Yesterday I went back to have a meeting with the boss who fired me.
"How are you?", she said as we sat down.
"Good. I was blaming you for a bit. Then I became really clear that my failure here was a result of me not being here for the rest of the team..
"I was just here to perform well enough to stay out of trouble with you .. and the rest, well I didn't give a shit about. I'm bringing that lesson into my new job to shift the experience of that workplace - for myself and others. I'm really sorry that I was being that way here."
There was a silence. You could almost feel the layers falling off. Both her and me.
When she spoke again, she revealed more about her personal and work situation than she has to anyone else in that workplace, and beyond what she would want me to reveal here.
It's amazing what taking responsibility for 100% of your failure gives you access to. We're all quick to take responsibility for the "good stuff". But what about the stuff which doesn't feel so nice to deal with?
The interesting thing I found for myself is that not cleaning up my messes just leaves them lingering around, in the background of my conscience - like a pile of decomposing corpses.
And in the long run, it feels more uncomfortable than the temporary feeling of being confronted when I actually step into that space of responsibility.

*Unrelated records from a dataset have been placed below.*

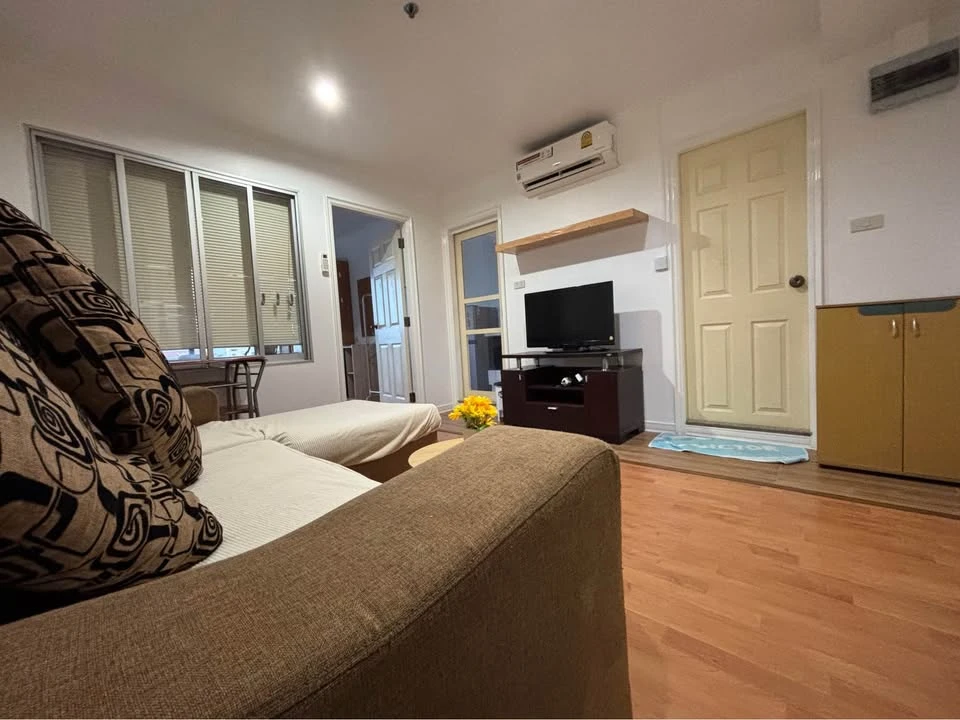 Condo for rent, Lumpini Ville Sukhumvit 77, 1 bedroom, 1 bathroom, lots of usable space. If you miss it, you'll regret it.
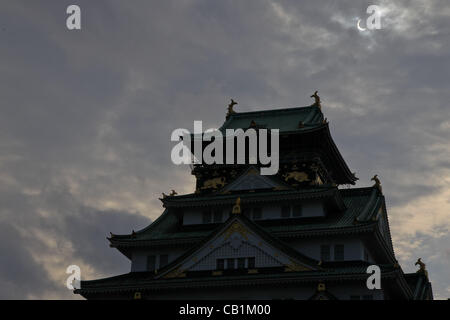 21. Mai 2012, Osaka, Japan - ist die partielle Sonnenfinsternis über die Burg von Osaka in Osaka, Westjapan am 21. Mai 2012 gesehen. Eine ringförmige Sonnenfinsternis beobachtet über ein weites Gebiet von Japan am Montag am frühen Morgen. Millionen von Menschen beobachtete, wie eine seltene "Ring of Fire" Eclipse den Himmel gekreuzt. Stockfoto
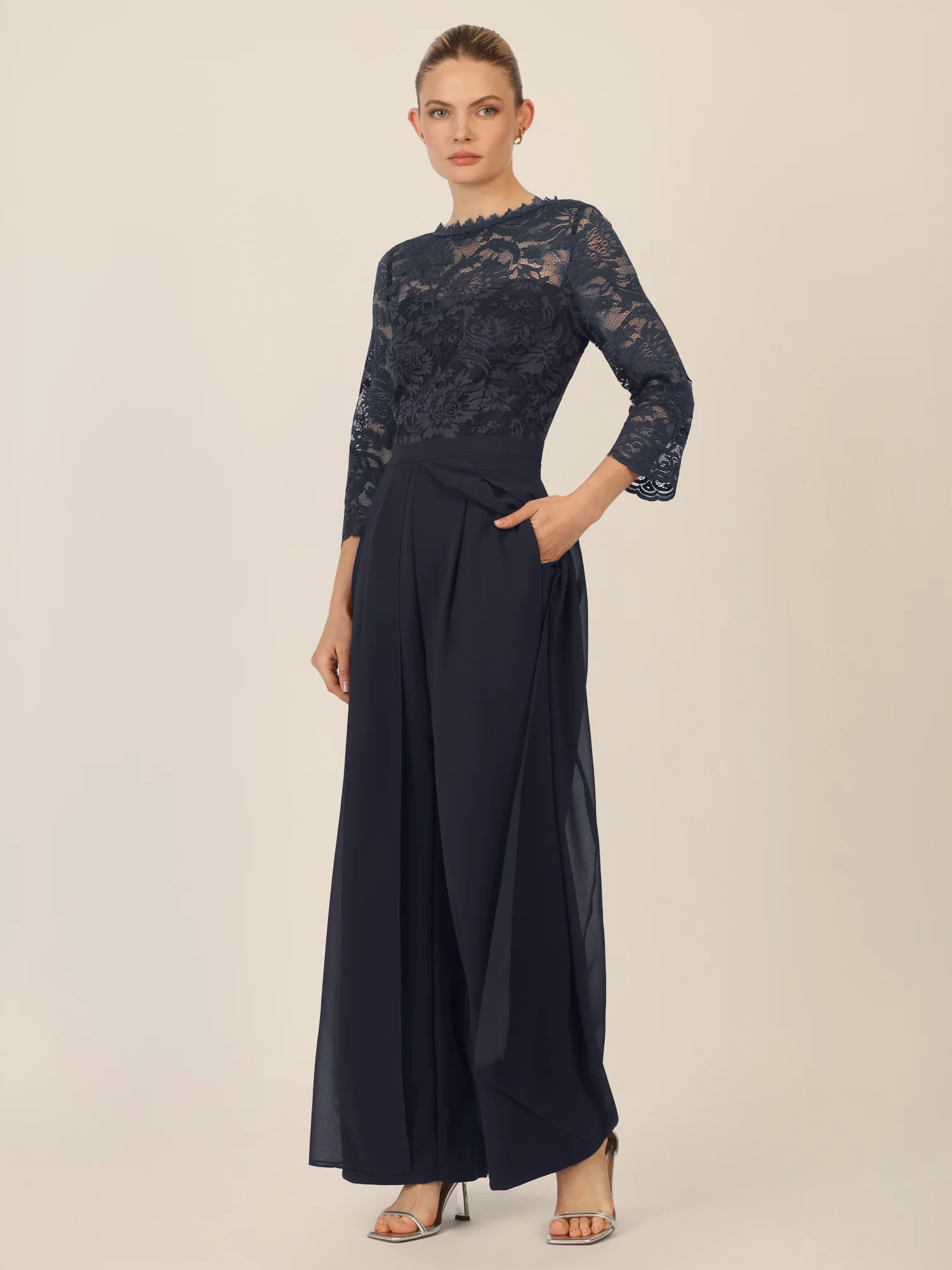 APART Abendoverall mit Spitzentop und weitem Bein | nachtblau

But going back over my messes offers peace. It also restores respect and creates opportunities. With this ex-boss, for example - after she shared with me what she did, I offered her to come join the team at my new workplace, where I feel she could be much happier.
Not only did we put the firing behind us, but we really got to see that the firing was just a theatre which had to happen, in order for us both to grow and evolve through.
By seeing who we were behind the firing, we developed an immense sense of trust and respect for one another. We got to see each other on a deeper layer; we got to see who we were being, rather than what we were just doing.
I can honestly say I'd love to work with her again. I know that she will hold me responsible for my actions if I fail to. As she knows what I'm committed do, so for her not to hold me responsible is for her to treat me smaller than she knows I am capable of being.
LG.
So what messes have you made in the past that you know could be cleaned up? Share away.